The Problem: Correctness
So what's wrong with designing a system like this? It does work, doesn't it? It does scale, doesn't it? Well yes, but with caveats. As often happens, in solving some problems it creates others. One of those is difficulty of validating that it does in fact work - in all cases, not just in the obvious "happy path" of requests flowing through the system without error or delay. When you have more than dozen services potentially making changes to the state of a single object, there's a very large "state space" based on the order and timing of those changes. How do you explore that entire space to make sure there are no bugs lurking in its less likely (but still possible) corners? You basically have two options.
- Formal protocol analysis and verification. This requires a fairly specialized set of skills and tools. Also, verification is usually based on a description of the system separate from its actual implementation, so what you've verified is not the system as it really exists.

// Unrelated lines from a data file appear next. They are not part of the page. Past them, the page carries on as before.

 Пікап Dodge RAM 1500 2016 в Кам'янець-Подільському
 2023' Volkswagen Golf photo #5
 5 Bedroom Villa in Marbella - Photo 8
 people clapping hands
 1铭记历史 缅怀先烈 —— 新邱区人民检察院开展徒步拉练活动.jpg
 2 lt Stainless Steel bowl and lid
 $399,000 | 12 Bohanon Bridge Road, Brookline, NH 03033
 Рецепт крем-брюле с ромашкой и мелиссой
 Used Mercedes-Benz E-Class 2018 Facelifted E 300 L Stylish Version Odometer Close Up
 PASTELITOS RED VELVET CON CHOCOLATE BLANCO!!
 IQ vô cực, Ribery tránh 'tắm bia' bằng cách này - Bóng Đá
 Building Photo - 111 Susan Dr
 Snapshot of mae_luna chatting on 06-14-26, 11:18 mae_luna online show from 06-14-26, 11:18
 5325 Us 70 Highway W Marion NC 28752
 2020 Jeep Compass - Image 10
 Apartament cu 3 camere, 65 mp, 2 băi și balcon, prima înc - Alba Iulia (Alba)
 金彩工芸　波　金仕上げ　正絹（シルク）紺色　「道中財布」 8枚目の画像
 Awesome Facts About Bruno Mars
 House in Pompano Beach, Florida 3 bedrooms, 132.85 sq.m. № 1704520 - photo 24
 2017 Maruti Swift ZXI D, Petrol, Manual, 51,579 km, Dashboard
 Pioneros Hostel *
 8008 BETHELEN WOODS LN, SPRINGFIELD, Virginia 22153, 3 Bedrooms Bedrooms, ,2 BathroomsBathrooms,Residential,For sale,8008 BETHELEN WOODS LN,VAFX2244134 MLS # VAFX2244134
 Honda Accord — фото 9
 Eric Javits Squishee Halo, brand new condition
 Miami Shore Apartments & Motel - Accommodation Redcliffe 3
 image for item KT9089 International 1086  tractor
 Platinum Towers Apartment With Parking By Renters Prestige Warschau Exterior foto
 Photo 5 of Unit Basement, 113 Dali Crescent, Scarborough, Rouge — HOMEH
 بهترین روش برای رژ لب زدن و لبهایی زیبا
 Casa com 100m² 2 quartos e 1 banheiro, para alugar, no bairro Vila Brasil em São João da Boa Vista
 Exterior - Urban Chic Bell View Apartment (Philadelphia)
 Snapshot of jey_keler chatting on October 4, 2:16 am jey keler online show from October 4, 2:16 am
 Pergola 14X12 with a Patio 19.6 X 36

- Testing. This at least tests The Real Thing (more or less) but the same "process sprawl" that exploded the state space also requires solving a very difficult orchestration problem to force every ordering and explore every corner of that space.
Either way, if you really want to prove that your system is correct you're going to need a large engineering team - negating any supposed "developer efficiency" advantage of having built the system this way in the first place.
Sidebar: "stateless services" don't solve this. Unless you're doing linear (non-iterative) pure calculation, you're going to be mutating state. Whether you do it by copying with modification or modification in place is an implementation detail. Whether you do it internally or by trying to fob it off on a separate subsystem and make it their problem is an implementation detail. If you mediate access to state, you're stateful in the way that matters. "Stateless" is about APIs and process life cycles, irrelevant to this discussion.
The Problem: Consistent Performance
Besides correctness, sprawly-microservice systems have another problem: delivering consistent performance to their users. One of the problems we often dealt with in Gluster was how to assign priority to background activities. Set it too high and users would complain about their new I/O being starved. Set it too low and users would complain about those activities never completing. This could particularly dire when the activity in question was repair ("self-heal") leaving data vulnerable to loss, but it also wasn't much fun when the activity was rebalancing and failure to complete it meant persistent bottlenecks or disk-full errors. Now, here's the kicker: Gluster had it easy. This problem becomes much worse when you have even more instances of even more background services competing with one another and with the ever-present stream of new user requests. Remember what I said right at the beginning about systems being too decentralized? This is how it plays out. Just as Gluster's scale was limited by poor solutions to a coordination problem (mostly at the management-daemon level), other systems at a different scale are almost inevitably going to be limited by all of these pieces contending and competing with one another. You can only let fly and hope for the best for so long before you have to get serious about bringing some order to the system.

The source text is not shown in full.